Media Center – Press Coverage
States: Keep old TVs out of landfills
August 19th 2008
By Wendy Koch
As the switch to digital TV nears, concern about old TVs piling up in landfills has prompted state and local governments to develop recycling programs.
New York City and 11 states have passed laws, including four this year, to set up television recycling programs paid for by manufacturers, according to the Electronics TakeBack Coalition, an alliance of non-profit groups that promote responsible recycling. And California has a law that requires people to pay for TV recycling.
On Feb. 17, TV broadcasts will switch from analog signals to digital. The switch, mandated by Congress in 2005, will be the biggest change in TV technology since the leap from black-and- white to color a half-century ago.

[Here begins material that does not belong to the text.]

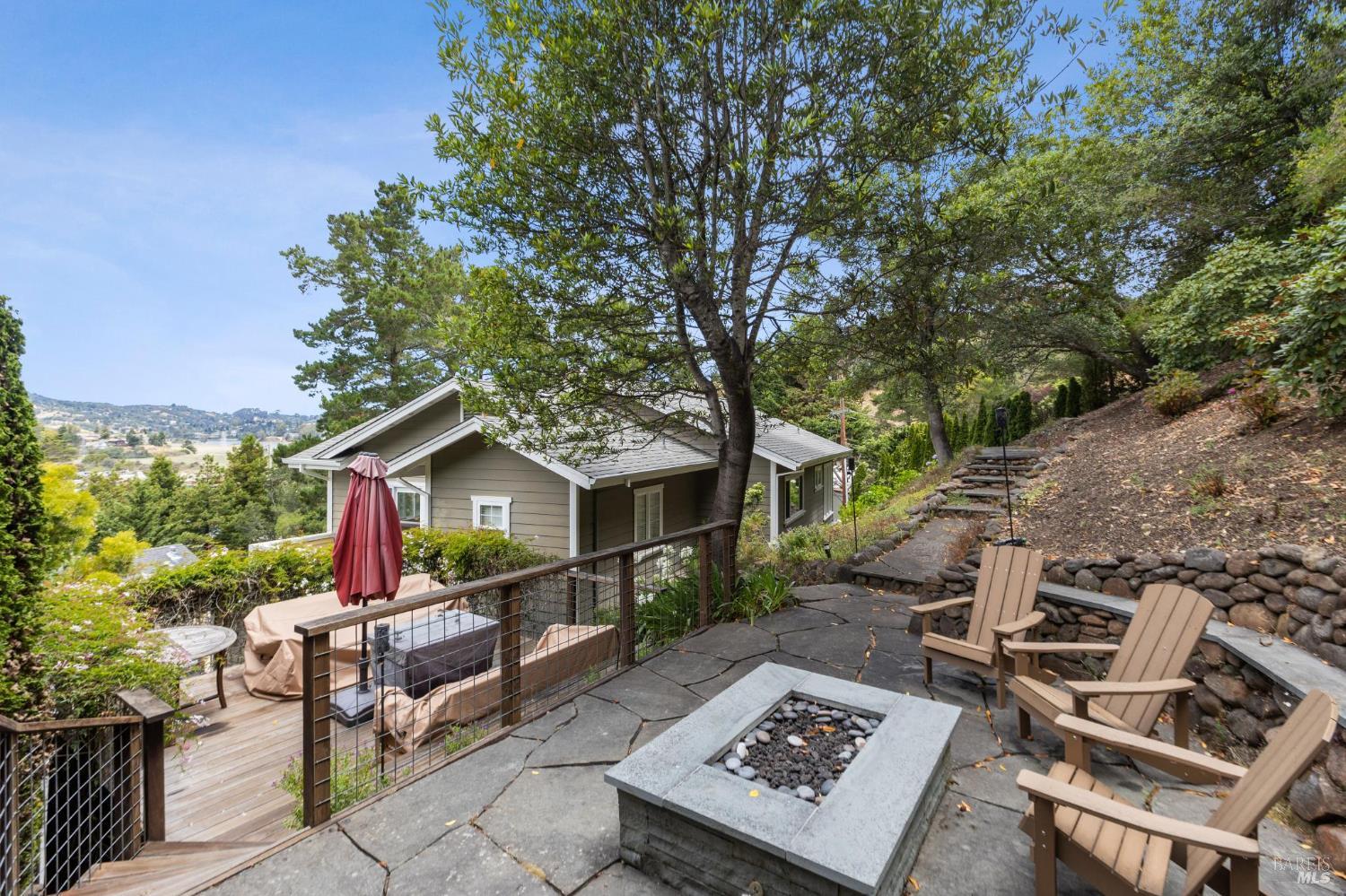 315 Villa Garden Dr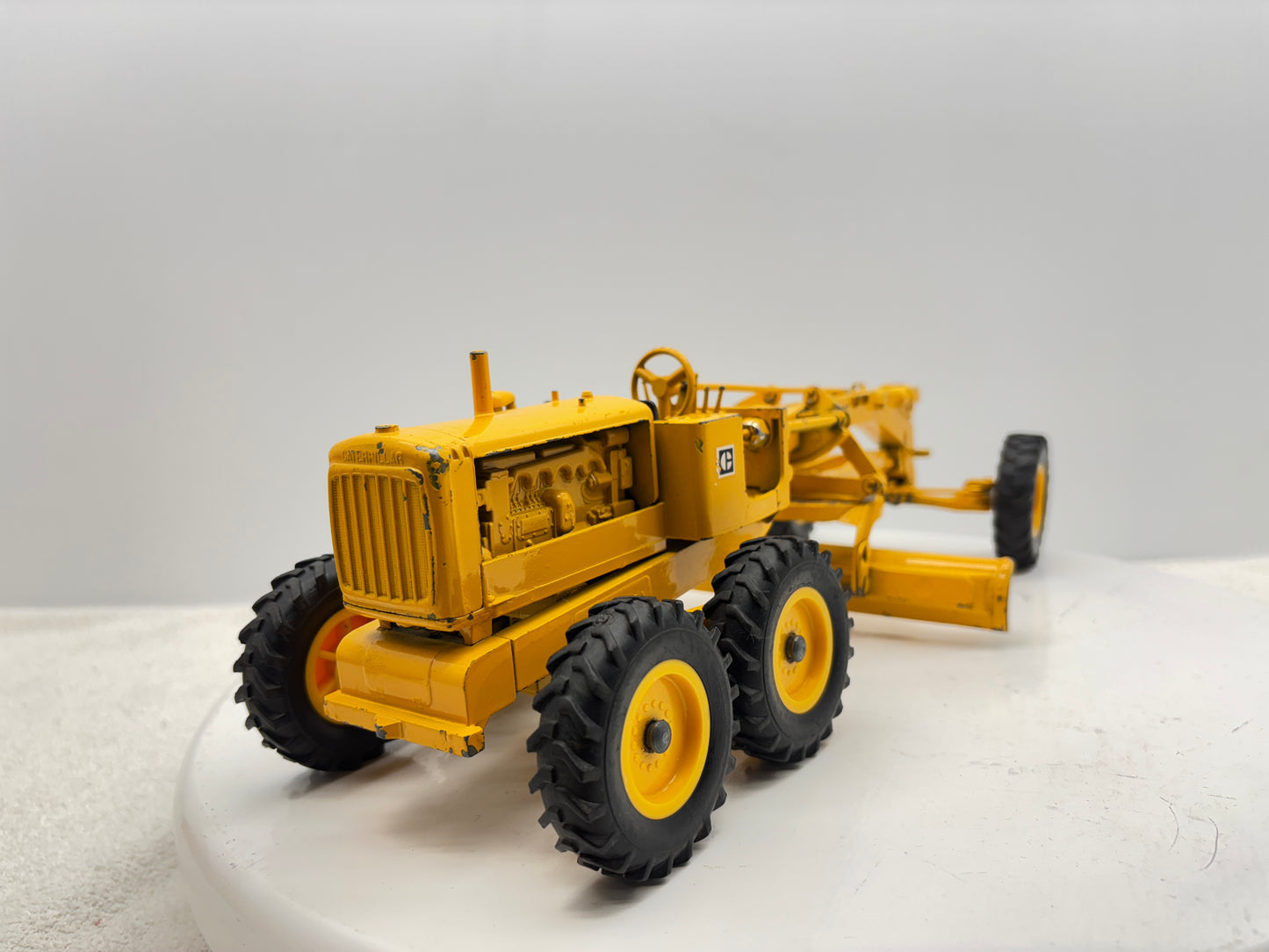 1/16 Caterpillar No.12 Motor Grader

To avoid a blank screen, households with analog TVs will need to do one of three things: Subscribe to cable or satellite service, get a converter box or buy a digital TV. About 70 million TVs nationwide could be affected because they rely on antennas to receive free over-the-air signals.
In Illinois, the TV switch helped win support this year for a bill that requires manufacturers to pay for the recycling of TVs and computers, said the bill’s sponsor, Democratic state Sen. Susan Garrett. It passed the Legislature last month, and Gov. Rod Blagojevich is expected to sign it, spokesman Lucio Guerrero said.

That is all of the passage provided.